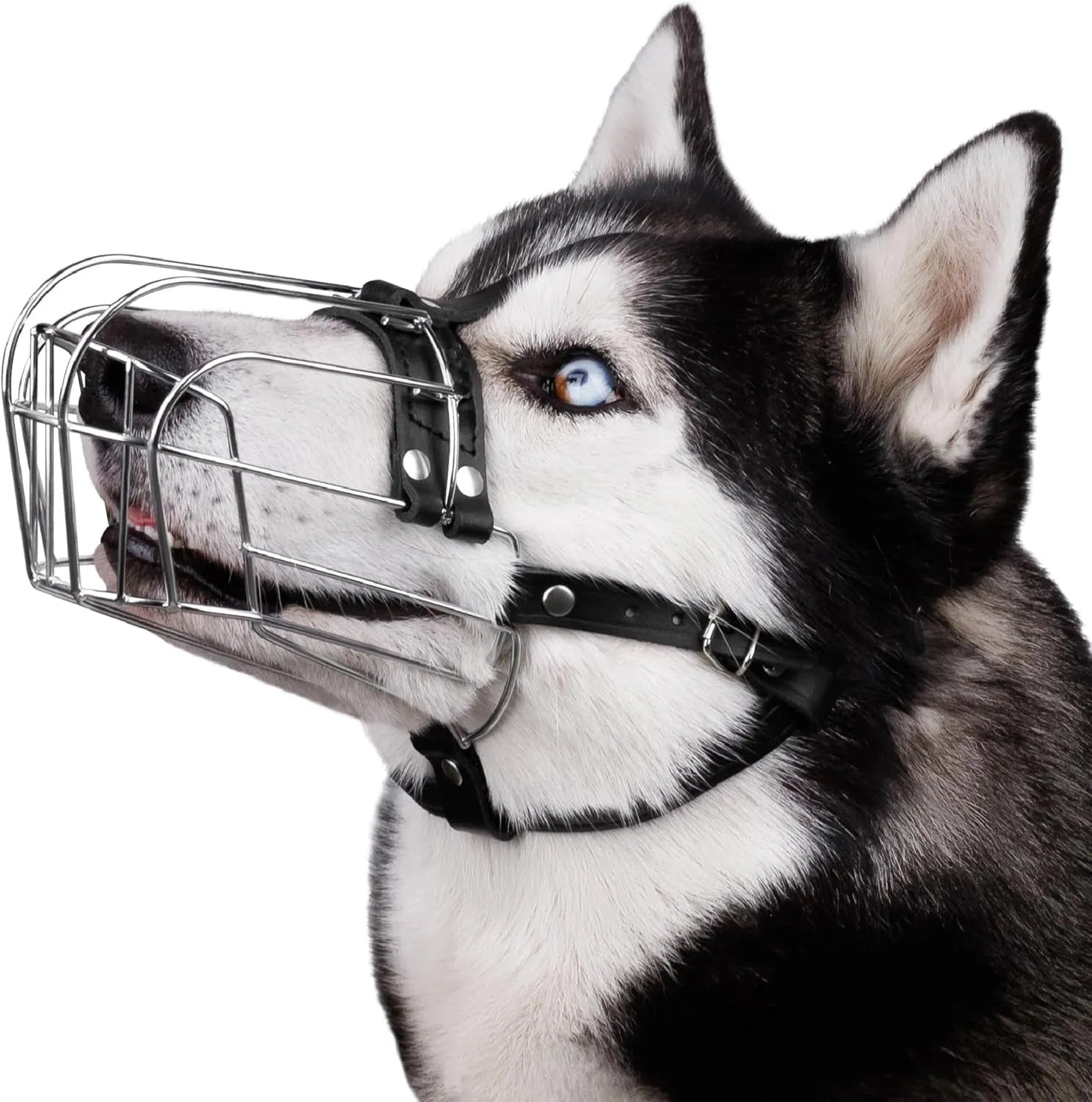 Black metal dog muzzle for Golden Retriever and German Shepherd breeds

==

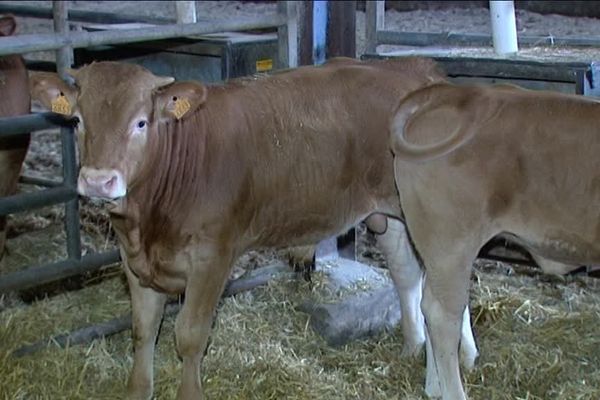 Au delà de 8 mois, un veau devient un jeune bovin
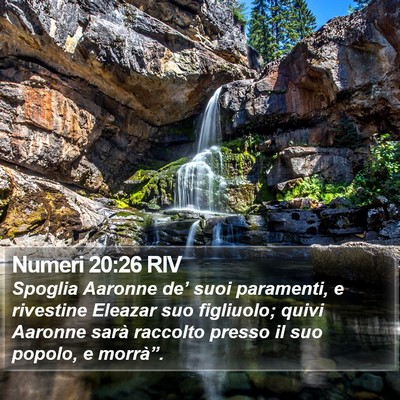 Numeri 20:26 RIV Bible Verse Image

__WHAT YOU SHOULD DO__:
Your answer should be the exact lines above from the one containing "Au delà de 8" through the one containing "Numeri 20:26 RIV Bible Verse Image", with both end lines kept and the pictures removed, please.

__ANSWER TO THIS EXERCISE__:
 Au delà de 8 mois, un veau devient un jeune bovin
 Numeri 20:26 RIV Bible Verse Image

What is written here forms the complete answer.